The purpose of this assignment is to use hash tables and heaps to solve efficiently some interesting problems. It is also to emphasize that although space is often plentiful, it should not be wasted without reason. Other goals include learning to use standard libraries and writing polymorphic data structures.

The Fun Part

The following two files contain the entire student directories for Cornell University and Ithaca Kollege, respectively:

cornell.txt (original file deleted)
ithaca.txt (original file deleted)

I want to know which addresses have the most Cornell students living at them. This should be done in time O(n log m) assuming hashing behaves, where n is the number of students and m is number of most-common-addresses asked for. I also want to know what addresses have both Cornell students and Ithaca students living at them. This should be done in time O(n) where n is the number of total students, assuming hashing behaves. Space requirements are discussed in more detail below.

Overview

You have 3 main things to write, all static methods in the provided class called BigHouses.
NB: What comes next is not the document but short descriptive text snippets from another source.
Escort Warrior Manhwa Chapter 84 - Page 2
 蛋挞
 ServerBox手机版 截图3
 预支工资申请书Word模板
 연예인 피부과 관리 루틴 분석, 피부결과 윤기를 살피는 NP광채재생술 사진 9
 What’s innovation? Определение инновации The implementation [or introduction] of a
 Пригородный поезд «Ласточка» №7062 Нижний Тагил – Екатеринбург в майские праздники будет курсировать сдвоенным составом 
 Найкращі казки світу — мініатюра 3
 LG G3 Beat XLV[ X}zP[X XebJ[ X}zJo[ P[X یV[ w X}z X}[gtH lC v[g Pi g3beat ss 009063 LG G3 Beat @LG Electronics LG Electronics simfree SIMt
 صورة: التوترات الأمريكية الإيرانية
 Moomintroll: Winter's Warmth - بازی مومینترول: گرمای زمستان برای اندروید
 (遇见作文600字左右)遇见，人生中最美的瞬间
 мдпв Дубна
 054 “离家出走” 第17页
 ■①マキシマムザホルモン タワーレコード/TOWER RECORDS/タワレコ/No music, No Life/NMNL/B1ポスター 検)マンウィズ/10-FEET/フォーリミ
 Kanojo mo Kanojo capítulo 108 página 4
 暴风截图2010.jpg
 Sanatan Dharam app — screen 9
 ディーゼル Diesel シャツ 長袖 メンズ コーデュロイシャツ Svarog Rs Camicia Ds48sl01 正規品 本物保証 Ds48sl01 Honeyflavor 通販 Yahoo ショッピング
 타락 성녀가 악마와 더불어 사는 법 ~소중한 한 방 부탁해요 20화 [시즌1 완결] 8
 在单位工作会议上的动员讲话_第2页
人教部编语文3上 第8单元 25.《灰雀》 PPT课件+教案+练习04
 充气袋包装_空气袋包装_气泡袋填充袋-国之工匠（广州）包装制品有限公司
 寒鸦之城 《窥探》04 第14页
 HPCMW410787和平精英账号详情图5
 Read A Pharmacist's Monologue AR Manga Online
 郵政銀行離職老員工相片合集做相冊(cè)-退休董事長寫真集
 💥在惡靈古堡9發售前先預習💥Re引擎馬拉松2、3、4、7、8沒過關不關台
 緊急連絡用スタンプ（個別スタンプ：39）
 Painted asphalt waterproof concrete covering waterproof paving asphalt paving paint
printBigHousesOnePass which solves the most-common-address problem while looking at the input file only once.
printBigHousesTwoPass which solves the most-common-address problem while looking at the input file twice.
printIntersection which solves the addresses-with-people-from-each problem while looking at each input file only once.

The first two methods take 3 arguments: the name of the file to be used as input, a value for m (the number of most-common-addresses desired), and a PrintWriter to which output should be sent. The last method takes 3 arguments: the two input file names, and a PrintWriter object.

You should use the Hashtable class provided by the java.util library. You will also need a Heap; you should write your own. Your Heap class should be polymorphic over different kinds of objects that have integer keys. This is described more below.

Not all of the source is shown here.